Update: On March 30, 2021, Castle’s API became degraded during three distinct windows of time: * 12:02 UTC - 12:45 UTC * 12:59 UTC - 13:41 UTC * 14:48 UTC - 15:25 UTC During this time, some Castle API calls failed, including calls to our synchronous `authenticate` endpoint. The Castle dashboard was up, but due to the API being unavailable was not rendering data. Service was fully restored as of 15:25 UTC, and some data generated from requests to our asynchronous `track` and `batch` endpoints during the incident was recovered from queues and subsequently processed. As we communicated to all active customers yesterday, we take these sort of incidents very seriously, and want to share some of the factors that led to this incident. The root cause of the incident was a failure of one of our primary data clusters. This is a multi-node, fault-tolerant commercial solution and a complete cluster failure is extremely rare. Castle’s infrastructure team responded immediately to the incident and found an unbounded memory leak that caused each node to simultaneously shut down. Over the course of the incident, we learned this memory leak was exacerbated by a specific class of background job that actually began running a day prior but did not begin leaking memory for some time. When the incident began, we detected the issue and immediately restarted the cluster. A full 'cold start' of the entire cluster takes around 40 minutes, and this accounts for the first downtime window. After the cluster restarted, our fault-tolerant job scheduling system attempted to run the jobs again, which caused the cluster to require full cold restarts twice more as we worked to clear out the job queue and replicas. At this time, we believe the reason for the memory leak is a bug in our data cluster provider’s software - we have been able to successfully reproduce the issue in a test environment and have a high-priority case open with their support team. In the meantime, we have audited all active background job systems to ensure performance-affecting jobs are temporarily disabled or worked around. Once again, we apologize for the impact of this interruption. Please feel free to contact us at [[email protected]](mailto:[email protected]) if you have any further questions.
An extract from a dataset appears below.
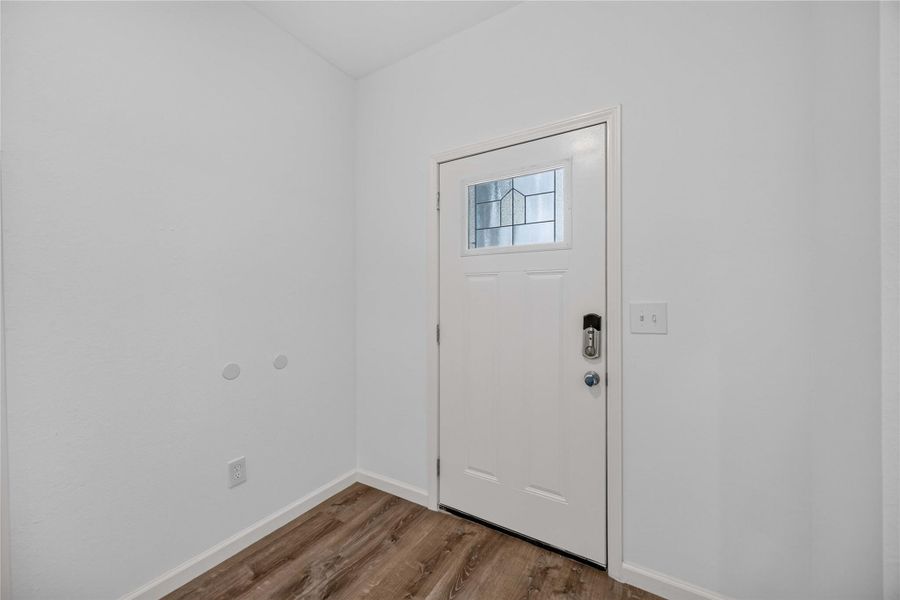 Spacious, unfurnished interior of a new home in , Texas City (Image 15). Spacious, unfurnished interior of a new home in , Texas City (Image 15).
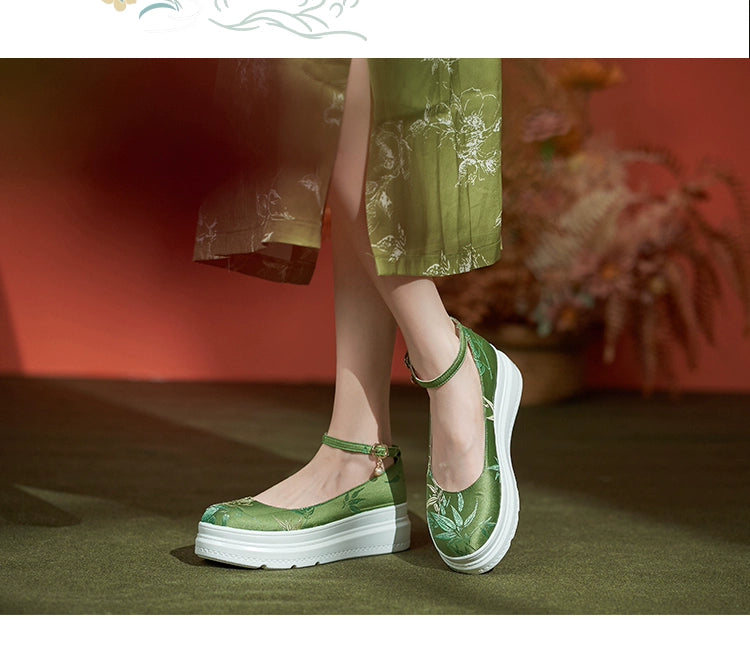 Step into tradition with our green hanfu shoes, inspired by ancient Chinese shoes and traditional Chinese shoes. Perfect for any occasion, these styles include Chinese mary jane shoes, elegant designs for Chinese shoes for women, and unique Chinese wrestling shoes.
Time: March 30, 2021, 4:28 p.m.

Status: Resolved

Update: Systems are operating normally and we have put mitigation measures in place to ensure the issue does not reoccur. We'll have a full retrospective and root cause teardown of the incident published within the next few days.

Time: March 30, 2021, 3:47 p.m.

Status: Monitoring

Update: API endpoints are responsive again and the system is stabilizing. We're monitoring the situation

Time: March 30, 2021, 2:53 p.m.

Status: Identified

Update: We are seeing degraded performance on API endpoints once more, and are working on restoring functionality as quickly as possible.

Time: March 30, 2021, 2:09 p.m.

Status: Monitoring

Update: Database cluster operating normally and API endpoints are responding. We're continuing to monitor the situation

Time: March 30, 2021, 1:18 p.m.

Status: Investigating

Update: We are experiencing issues with our main database cluster which affects all API endpoints. We're currently investigating this issue.